_Task to complete:_
Repeat the entries exactly but omit the pictures.

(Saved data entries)
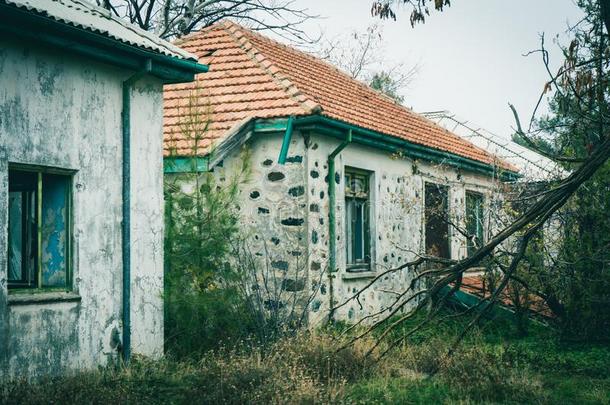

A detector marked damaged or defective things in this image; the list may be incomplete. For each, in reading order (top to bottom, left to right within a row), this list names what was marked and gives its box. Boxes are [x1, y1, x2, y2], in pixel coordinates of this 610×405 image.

broken window [7, 166, 72, 288]
peeling paint wall [0, 37, 164, 376]
broken window [344, 167, 368, 272]
peeling paint wall [211, 129, 502, 328]
broken window [426, 181, 448, 258]
broken window [466, 190, 484, 256]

_Solution:_
A detector marked damaged or defective things in this image; the list may be incomplete. For each, in reading order (top to bottom, left to right within a row), this list names what was marked and gives its box. Boxes are [x1, y1, x2, y2], in pixel coordinates of this 610×405 image.

broken window [7, 166, 72, 288]
peeling paint wall [0, 37, 164, 376]
broken window [344, 167, 368, 272]
peeling paint wall [211, 129, 502, 328]
broken window [426, 181, 448, 258]
broken window [466, 190, 484, 256]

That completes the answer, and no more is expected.